*** STUDY MATERIAL Section Begins ***

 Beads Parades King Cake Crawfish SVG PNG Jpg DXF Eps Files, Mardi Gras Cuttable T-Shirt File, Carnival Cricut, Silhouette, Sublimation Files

*** STUDY MATERIAL Section Ends ***
*** STUDY MATERIAL Section Begins ***

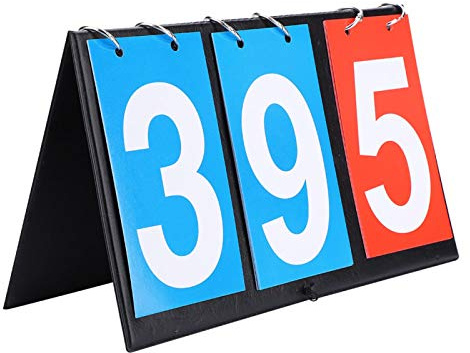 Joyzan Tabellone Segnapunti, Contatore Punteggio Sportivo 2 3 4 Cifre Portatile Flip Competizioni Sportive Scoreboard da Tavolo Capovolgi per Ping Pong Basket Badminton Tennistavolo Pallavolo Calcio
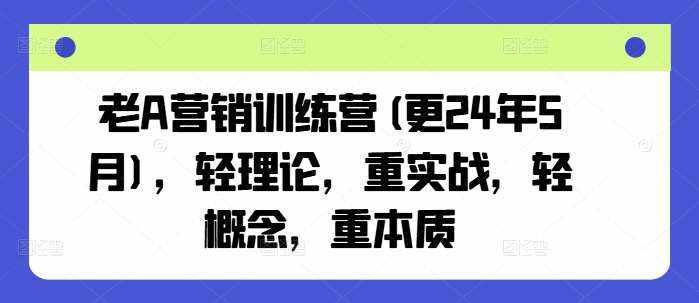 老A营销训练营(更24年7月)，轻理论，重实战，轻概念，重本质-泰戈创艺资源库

*** STUDY MATERIAL Section Ends ***

Only the lines of the listing above from the one with "Joyzan Tabellone Segnapunti, Contatore" through the one with "老A营销训练营(更24年7月)，轻理论，重实战，轻概念，重本质-泰戈创艺资源库" should be output, exactly, with both ends kept and pictures left out.

 Joyzan Tabellone Segnapunti, Contatore Punteggio Sportivo 2 3 4 Cifre Portatile Flip Competizioni Sportive Scoreboard da Tavolo Capovolgi per Ping Pong Basket Badminton Tennistavolo Pallavolo Calcio
 老A营销训练营(更24年7月)，轻理论，重实战，轻概念，重本质-泰戈创艺资源库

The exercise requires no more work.